A line of authorities has established that there will be a link between a loss or outgoing and the derivation of income where there is a sufficient nexus. (The Herald and Weekly Times Limited v. The Federal Commissioner of Taxation (1932) 48 CLR 113; (1932) 2 ATD 169, Amalgamated Zinc (De Bavay's) Limited v. The Federal Commissioner of Taxation (1935) 54 CLR 295;(1935) 3 ATD 288, W. Nevill And Company Limited v. The Federal Commissioner of Taxation (1937) 56 CLR 290;4 ATD 187;(1937) 1 AITR 67, Ronpibon Tin No Liability v. The Federal Commissioner of Taxation (1949) 78 CLR 47; 4 AITR 236; (1949) 8 ATD 431, Charles Moore and Co (W.A.) Pty Ltd v. Federal Commissioner of Taxation (1956) 95 CLR 344;(1956) 6 AITR 379; (1956) 11 ATD 147).
A1 Company established the Trust for the sole purpose of facilitating the Plan. The contributions made by A1 Company (or a subsidiary member of the Group) to the Trustee of the Trust are part of the overall employee remuneration costs of A1 Company. The benefits provided to employees under the Plan are intended to reward, retain and motivate employees and to encourage participation by employees of A1 Company through share ownership.
The facts and circumstances of this case confirm that A1 Company (or a subsidiary member of the Group) makes the contributions to the Trustee of the Trust solely to enable the Trustee to acquire Shares for Participants in accordance with the Plan in order to remunerate and retain employees. Accordingly, it is considered that there is a sufficient nexus between the outgoings (contributions made by A1 Company (or a subsidiary member of the Group) to the Trustee of the Trust) and the derivation of A1 Company assessable income.
Capital or revenue
A1 Company (or a subsidiary member of the Group) will make periodic contributions to the Trustee of the Trust for the purpose of acquiring and subscribing for ordinary Shares pursuant to the Plan.
ATO Interpretative Decision ATO ID 2002/1074 Income Tax - deductibility - irretrievable employer contributions paid to the Trustee of its employee share scheme to acquire a share or right under the employee share scheme states that irretrievable contributions to a Trust paid in respect of an employee share scheme are deductible under section 8-1 of the ITAA 1997, being part of the overall remuneration costs of the employer and thus revenue.
In Spotlight Stores Pty Ltd v.
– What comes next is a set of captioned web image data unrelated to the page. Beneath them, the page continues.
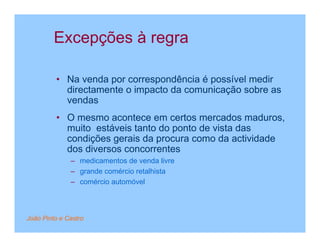Excepções à regra

         • Na venda por correspondência é possível medir
           directamente o impacto da comunicação sobre as
           vendas
         • O mesmo acontece em certos mercados maduros,
           muito estáveis tanto do ponto de vista das
           condições gerais da procura como da actividade
           dos diversos concorrentes
              – medicamentos de venda livre
              – grande comércio retalhista
              – comércio automóvel



João Pinto e Castro
 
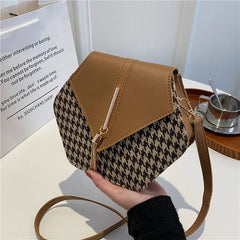 Winter Houndstooth Square Crossbody Bag for Women
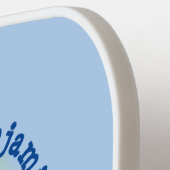 可愛いベビーマナーバブルイラストレーション ピックルボールラケット (左詳細)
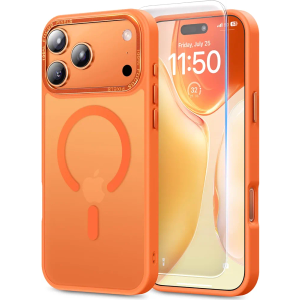Magnetic for iPhone 17 Pro Max Case with Screen Protector & Wrist Strap, Fit for MagSafe,Military-Grade Protective Drop, Shockproof Matte Translucent Slim Cute for iPhone 17 ProMax Case, Glossy Orange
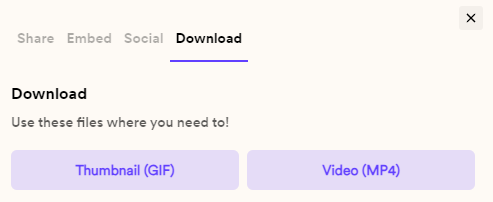 Download tab in Share modal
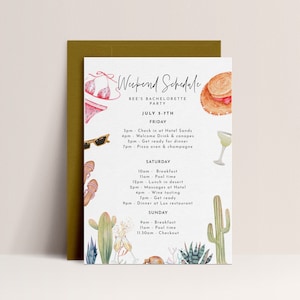 Desert Bachelorette Itinerary Template - Cactus Bachelorette Itinerary, Weekend Itinerary, Boho Desert Itinerary Invite, Instant Download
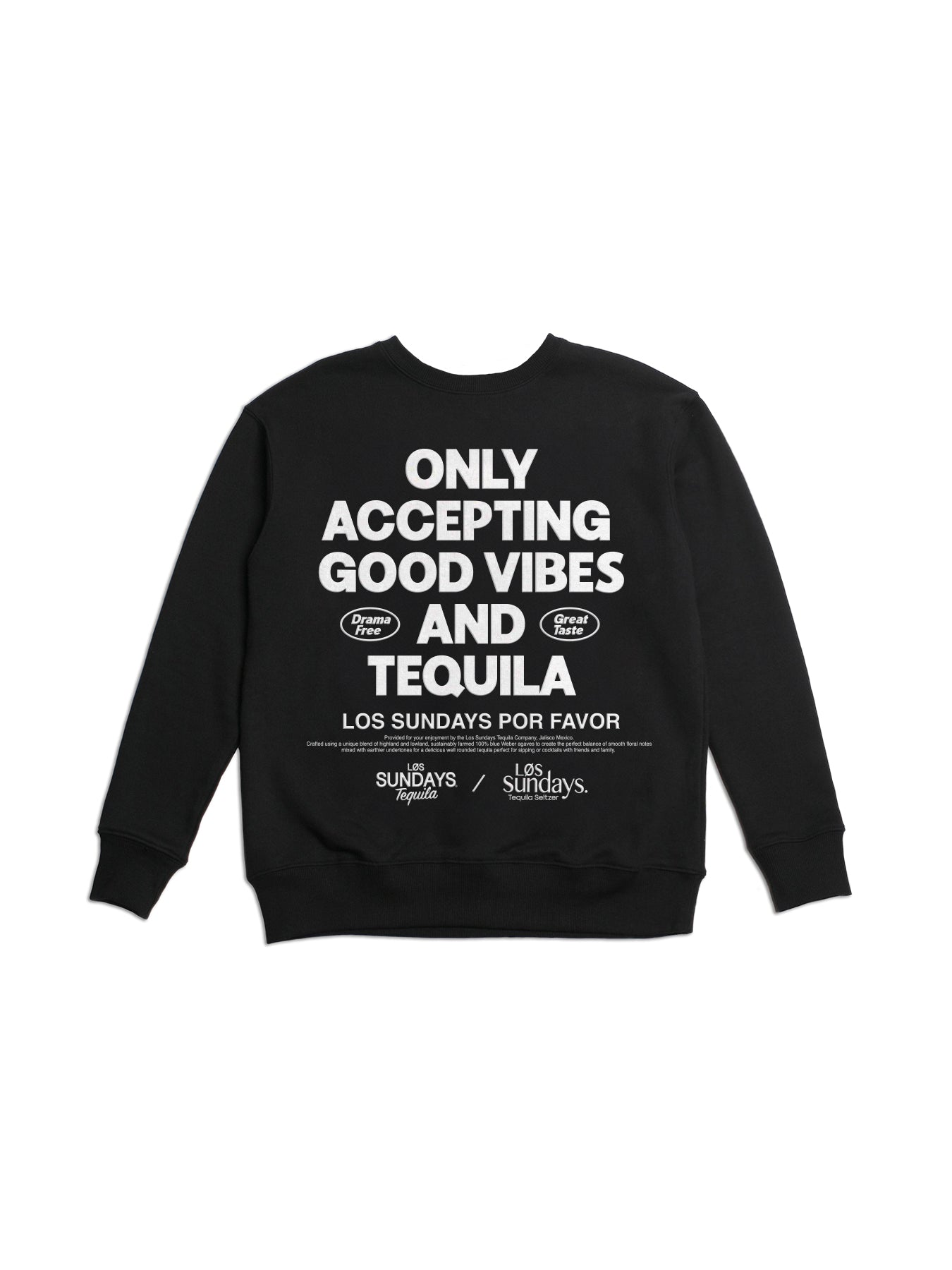 The Drama Free Crew Neck - Black / White | Løs Sundays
Federal Commissioner of Taxation (2004) 55 ATR 745 and Pridecraft Pty Ltd v. FC of T [2004] FCAFC 339; 2005 ATC 4001; 58 ATR 210 (Pridecraft) payments by an employer company to an employee share trust, established to provide incentive payments to employees, were held to be on revenue account and were not capital or of a capital nature.
Apportionment
The combined operation of subsections 8-1(1) and 8-1(2) of the ITAA 1997 may require apportionment of a loss or outgoing into deductible and non-deductible components, where a single loss or outgoing is incurred for more than one purpose or on items of a different nature. This would be relevant in the circumstances where the Trustee of the Trust uses contributions made by A1 Company (or a subsidiary member of the Group) to the Trustee of the Trust for the administration of the Plans to subscribe for Shares.
A contribution to the trustee of an employee share trust is capital or of a capital nature where the contribution secures for the employer an asset or advantage of an enduring or lasting nature that is independent of the year to year benefits that the employer derives from a loyal and contented workforce.
Where the trustee of an employee share trust, ultimately and in substance, uses a contribution from the employer to subscribe for equity interests in the employer (for example shares), the employer has also acquired an asset or advantage of an enduring nature.
Where a contribution secures for the employer advantages of both a revenue and capital nature, but the expected advantages of a capital nature are very small or trifling by comparison, apportionment may not be required.
In this case, the outgoings incurred by A1 Company (or a subsidiary member of the Group) by way of the irretrievable contributions it makes to the Trustee of the Trust in order to carry on its business are either not capital in nature or any capital component is considered to be sufficiently small or trifling such that the Commissioner would not seek to apportion the deduction.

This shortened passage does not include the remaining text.